Enregistré en 1956 par le Lester Young & Teddy Wilson Quartet, composé notamment du saxophoniste tenor Lester Young (surnommé « Pres » ou « Prez » pour President) et du pianiste Teddy Wilson, l’album « Pres and Teddy » représente une forme de quintessence de tout ce que j’aime dans le jazz: le swing, la finesse, l’élégance, les mélodies entêtantes, la profondeur dans l’expression des sentiments (et notamment de la joie, que je trouve habituellement si difficile à mettre en musique)…

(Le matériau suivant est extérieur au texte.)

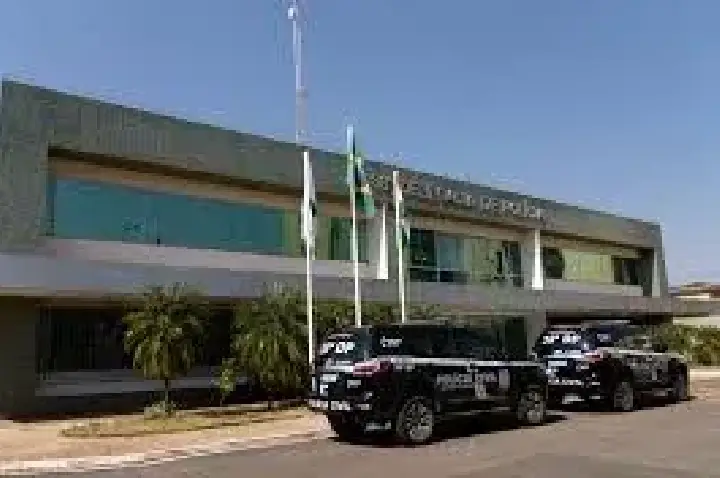 Professora vai até delegacia para registrar ocorrência, e fica presa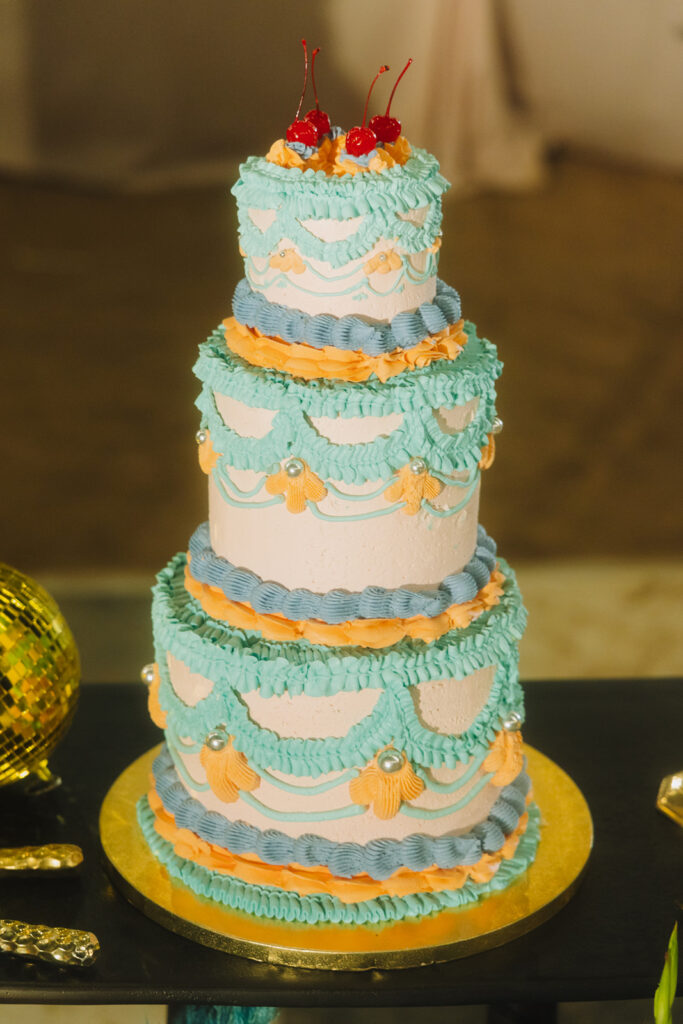 Lexi & Jacob Joshua Tree Wedding Trendy and Classic Vintage Cake Design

C’est l’un des plus grands albums de jazz dit « classique » , celui qui est à la fois brillant musicalement et susceptible de plaire au plus grand nombre grâce à sa force mélodique, sa capacité à susciter des émotions et à s’ancrer dans les mémoires. Le jazz qui enthousiasme, émeut et réconcilie aussi bien les mélomanes cultivés (enfin, auto-proclamés cultivés) que celles et ceux qui, tout simplement, ont une paire d’oreilles, un coeur, et sont sensibles à la musicalité et à la poésie. Le jazz qui n’éprouve pas le besoin d’être véloce et clinquant, mais qui se contente d’être, avec décontraction et confiance, tranquillement, souverainement.
Le jazz que j’aime.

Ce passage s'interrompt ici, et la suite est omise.